…Ему снова виделся тот же сон, вернее даже греза, когда бодрствуешь, но настоящее не занимает тебя так, как произошедшее много лет тому назад. В этом сне отец, сильный и красивый, в окружении гвардейцев и высших офицеров замер у командно-штабной машины, а перед ними на портативном планшете пляшет во всполохах помех тактическая карта восточного побережья. Аккадцы уже высадились, их винтокрылые коптеры и боевые авионики утюжат форты понтийского укрепрайона. Эвксинские войска повсеместно гибнут, даже на пути их отступления точно работает аккадская артиллерия, сжигая технику и людей смертоносным дыханием плазменного всепроникающего огня. Днем ранее исчез в вихре коричневой чумы прекрасный Понт Эвксинский, мать Митридата и троих его братьев болезнь пожрала за считанные часы.
Самого Митридата спас раб-ромуланец, воспитывавший его с раннего детства. Рослый и умелый воин, Луций, попав в рабство к аккадцам, был выкуплен отцом царевича много лет назад. Он учил Митридата драться без оружия и с оным, а позже обучал тактике и стратегии, приличествующей будущему правителю и полководцу. Когда же началась бомбежка и люди, словно безумные, стали срывать с себя покрывающуюся коричневой пеной плоть, воспитатель не растерялся. Он стащил с манекена легкие доспехи, предназначавшиеся для него самого, быстро облачил в них мальчика и до последнего вздоха тащил его к тайному тоннелю в подвале дворца. По пути им попадались слуги и стражники, корчившиеся в судорогах на полу или бестолково мечущиеся по коридорам и залам дворца. Митридат хотел увидеть мать, искал ее взглядом, не замечая, что у него кружится голова и нечем дышать; наномехи уже разъели дыхательные фильтры брони, попали в кровь и начали свою разрушительную работу.
Дальнейшее он помнил смутно: вот упавший, потерявший человеческий облик Луций вталкивает его в открывшуюся дверь потайного хода, вот незнакомые воины с эмблемами «Вечного пламени» — личные телохранители отца — срезают с него изъеденную наномехами броню, приклеивая к коже, покрывшейся коричневой коркой нарывов, оранжевые блоки медицинских анализаторов. Потом — забытье, и вот он уже видит озабоченное лицо отца, который, вполоборота бросив что-то стратегу Хавларию, быстрым шагом идет к нему. Митридат не мог сказать ни единого слова из-за трубок во рту, но отец успокаивающе приложил палец к губам и сам начал говорить:
— Сын, мы с тобой остались вдвоем. Твои мать и братья погибли, мы не смогли пробиться в столицу вовремя и спасти всех вас. Ты болен, и болезнь эта неизлечима. Пока неизлечима. Нужно выжить, сын. Я верю, Арес не откажет тебе в праве на месть. Тебя отправят в катакомбы Малиариса, на север, а потом…

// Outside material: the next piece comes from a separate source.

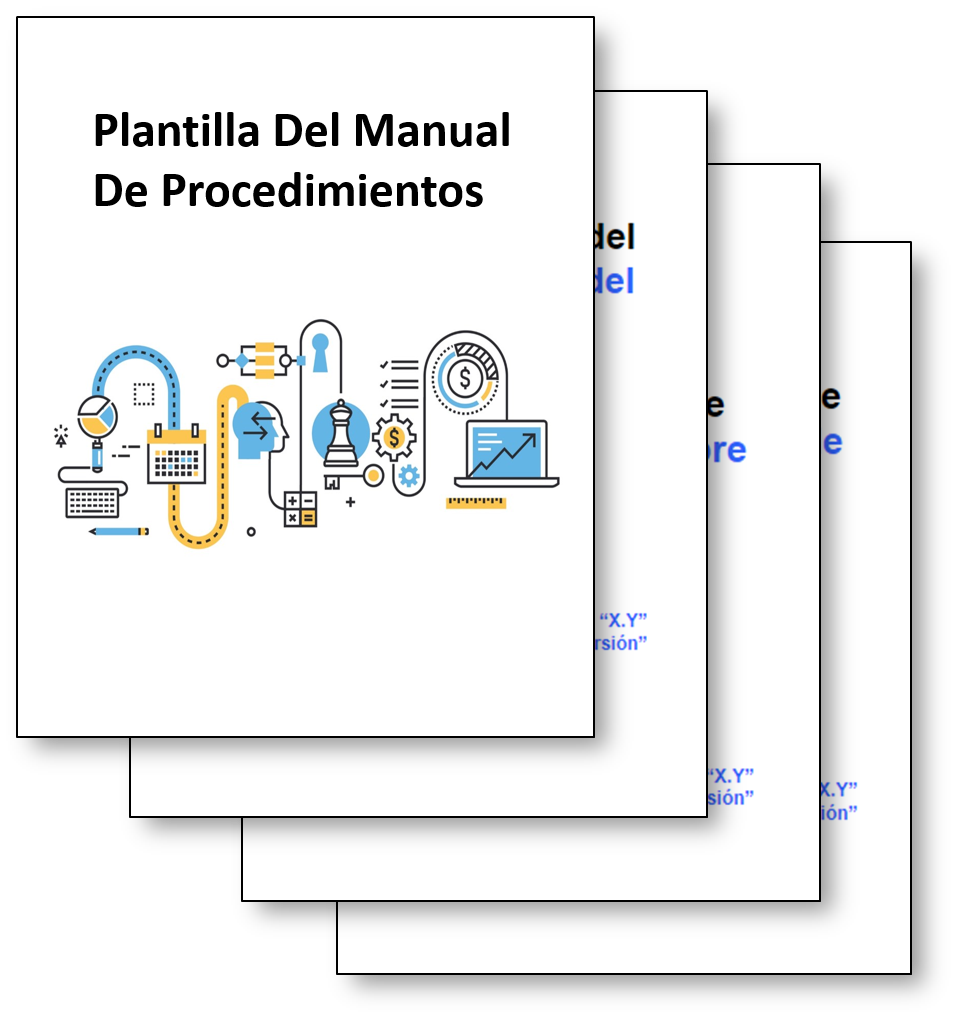 Plantilla Para Crear Manual De Procedimientos 3190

Потом был новый артудар, и Митридата спас только захлопнувшийся люк бронемашины. Отец сгорел в плазменном огне, как и последние из совета архонтов, командовавших остатками разгромленной в считанные часы армии маленького, утопающего теперь в огне пожаров Эвксина. Больше некому было отдавать приказы. Превозмогая боль, Митридат вырвал трубку изо рта и хриплым шепотом приказал растерянно глядевшему на него пилоту:
— В катакомбы. Нам еще нельзя умирать, солдат…
Очнувшись от воспоминаний, Бессмертный увидел величественный зал отстроенного заново Гелиофора, где все было восстановлено по старым чертежам и воспоминаниям самого царя. Три тысячи лет черного сна, похожего на смерть, и почти триста лет лишений и упорного труда… Сколько еще страданий и притворства, как долго еще терпеть этих надменных и лживых толстосумов из Конфедерации?.. Опустив взгляд, он увидел склонившегося в глубоком поклоне посла и окончательно сосредоточился на настоящем. Путь к мести был длинным, а шаги тяжелы…
— Мой повелитель, посланник александрийской колонии комес Калистрат прибыл для вручения личного послания от своего господина Феоктиста Александрийского, — к нему приблизился прислужник в синем камзоле, расшитом золотым позументом, мягко ступая по сияющему зеркальными отражениями купола тронной залы полу.
Царь любил выступающих с особым достоинством высоких и статных ромулан. Этот раб не был исключением: в традиционном камзоле, бриджах и высоких, с круто загнутыми кверху носами, сапогах без каблуков, он смотрелся очень величаво. Бронзовая маска на лице прислужника изображала полуулыбку, не вязавшуюся с черными бусинками глаз — фотоэлектронных умножителей. Белый кудрявый парик скрывал шевелюру, совершенно обезличивая ромуланина, отнимая даже толику индивидуальности.